**PROBLEM TO WORK ON**
Keep the images out while you retype all of the data exactly.

(Short descriptive text snippets)
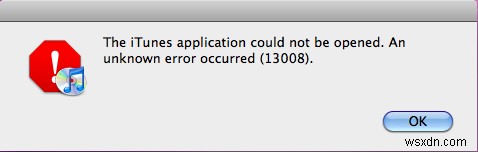 13008 উইন্ডোজে আইটিউনস ত্রুটি 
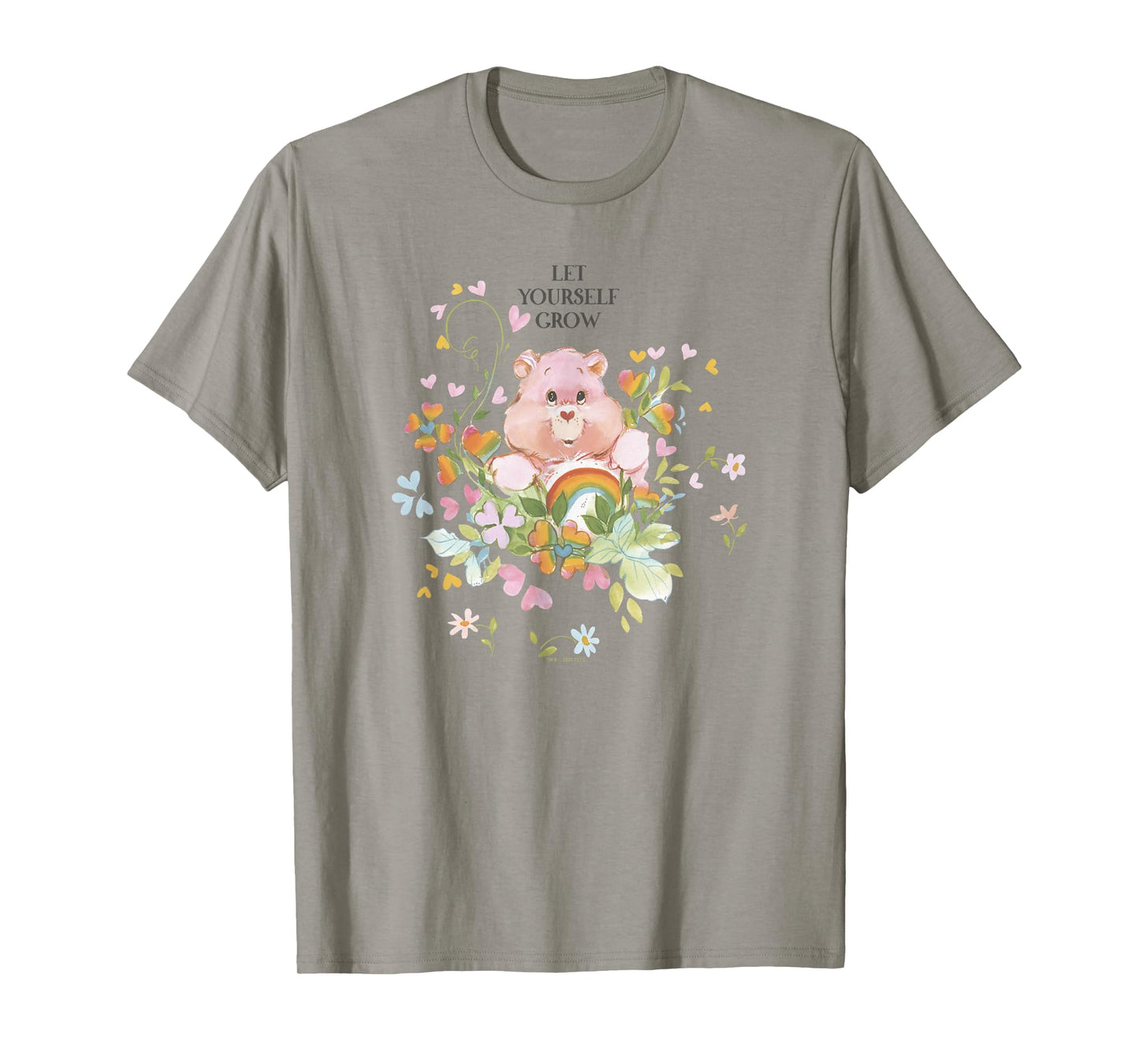 Care Bears Cheer Bear Vintage Floral Let Yourself Grow T-Shirt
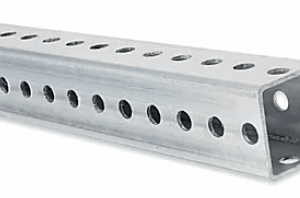 Poteau carré Homologué en acier galvanisé 1 3/4" x 1 3/4" x 12 pieds
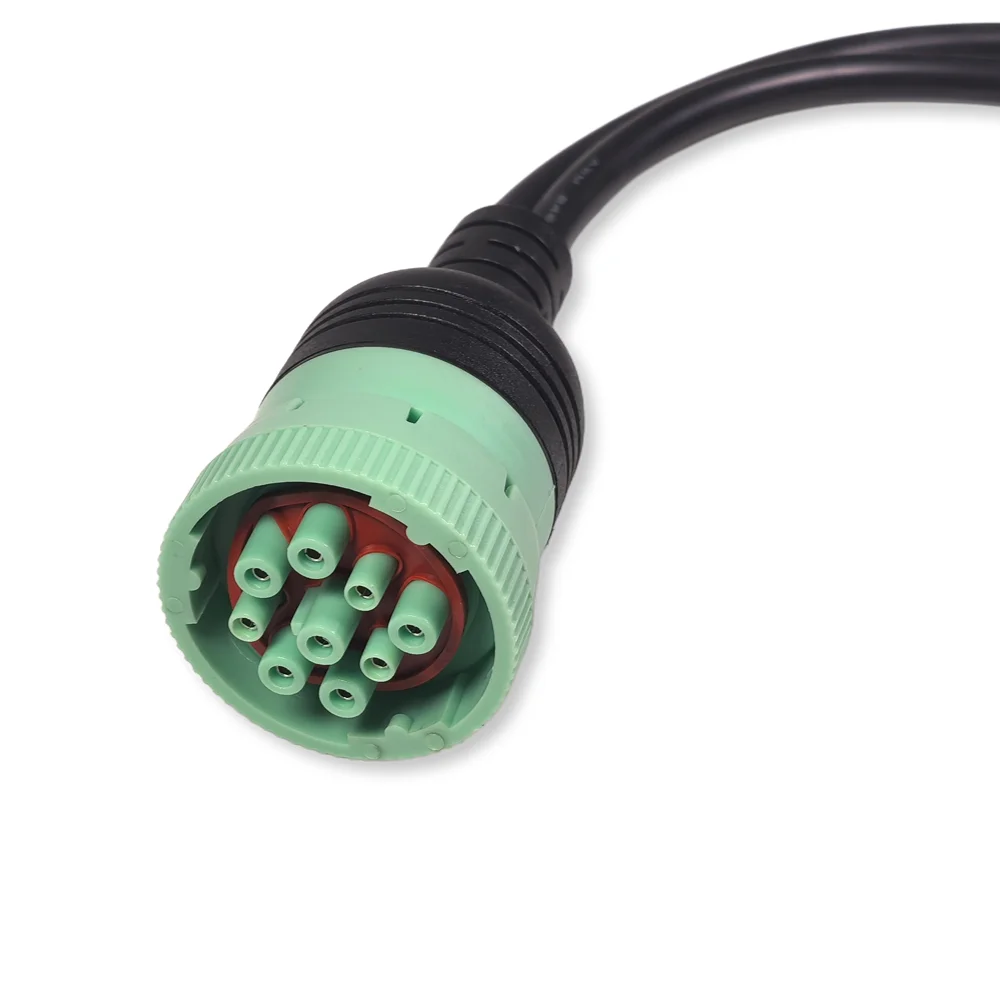 OBD2 16-контактный адаптерный кабель для Cum-mins J1939 9-контактный разъем папа-мама J1708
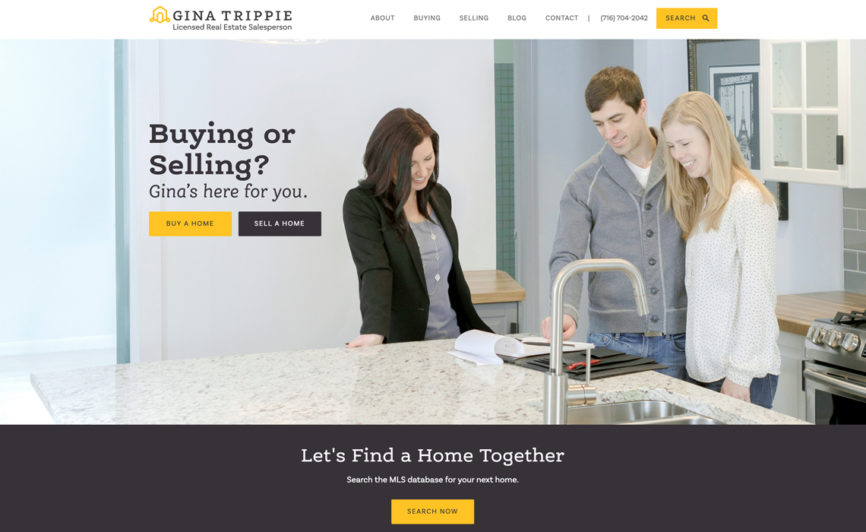 Gina Trippie Real Estate CMS Web Design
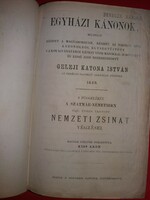 1875 István Geleji soldier: church canons ecclesiastical law book reform in Satu Mare. Diocese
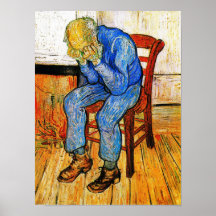 Trauriger alter Mann am Tor der Ewigkeit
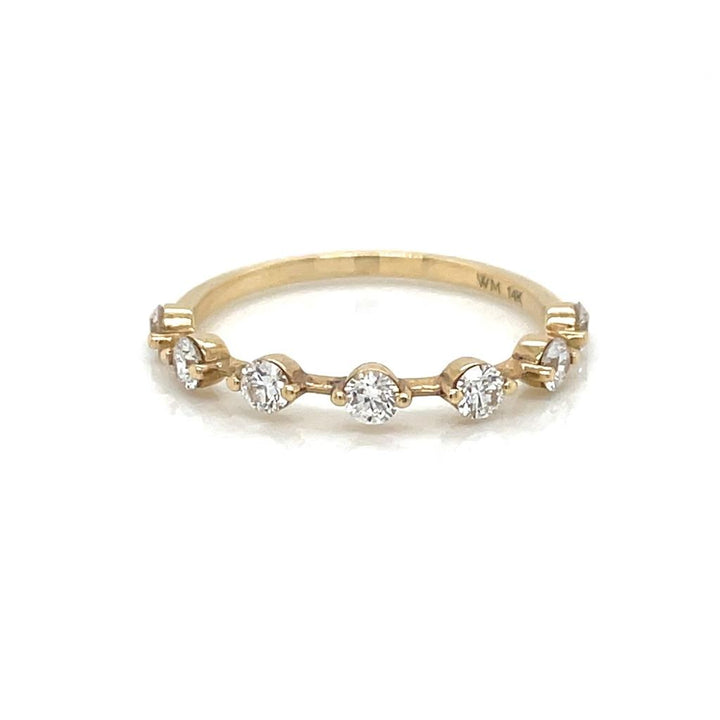 0.50 CTW Round Diamond 14K Yellow Gold Band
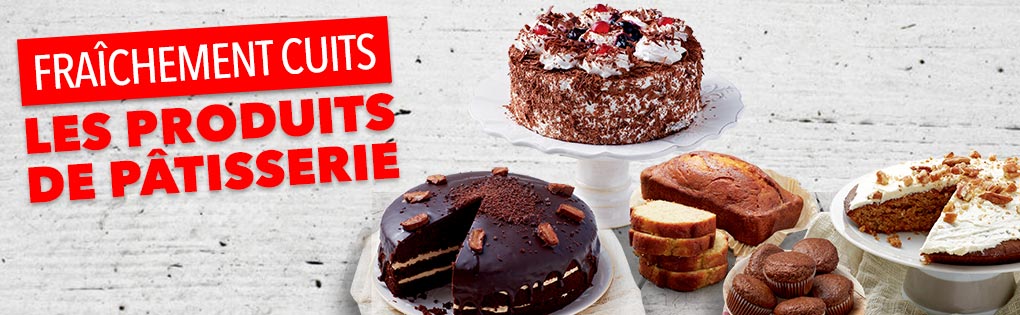 FRAÎCHEMENT CUITS LES PRODUITS DE PÂTISSERIE FRAÎCHEMENT CUITS LES PRODUITS DE PÂTISSERIE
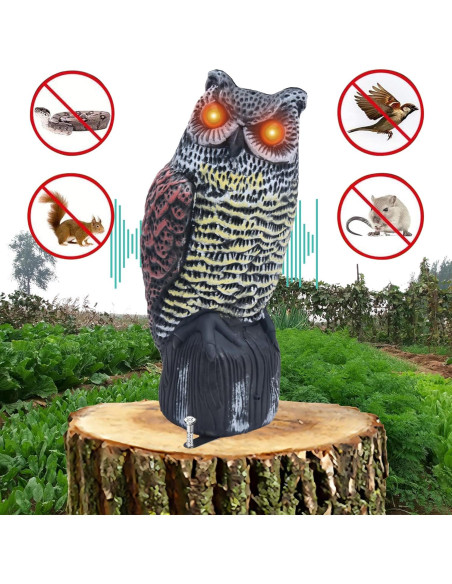 Búho Falso Solar LuckySlycyc 35.56cm Decoración Jardín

**EXERCISE ANSWER**
 13008 উইন্ডোজে আইটিউনস ত্রুটি 
 Care Bears Cheer Bear Vintage Floral Let Yourself Grow T-Shirt
 Poteau carré Homologué en acier galvanisé 1 3/4" x 1 3/4" x 12 pieds
 OBD2 16-контактный адаптерный кабель для Cum-mins J1939 9-контактный разъем папа-мама J1708
 Gina Trippie Real Estate CMS Web Design
 1875 István Geleji soldier: church canons ecclesiastical law book reform in Satu Mare. Diocese
 Trauriger alter Mann am Tor der Ewigkeit
 0.50 CTW Round Diamond 14K Yellow Gold Band
 FRAÎCHEMENT CUITS LES PRODUITS DE PÂTISSERIE FRAÎCHEMENT CUITS LES PRODUITS DE PÂTISSERIE
 Búho Falso Solar LuckySlycyc 35.56cm Decoración Jardín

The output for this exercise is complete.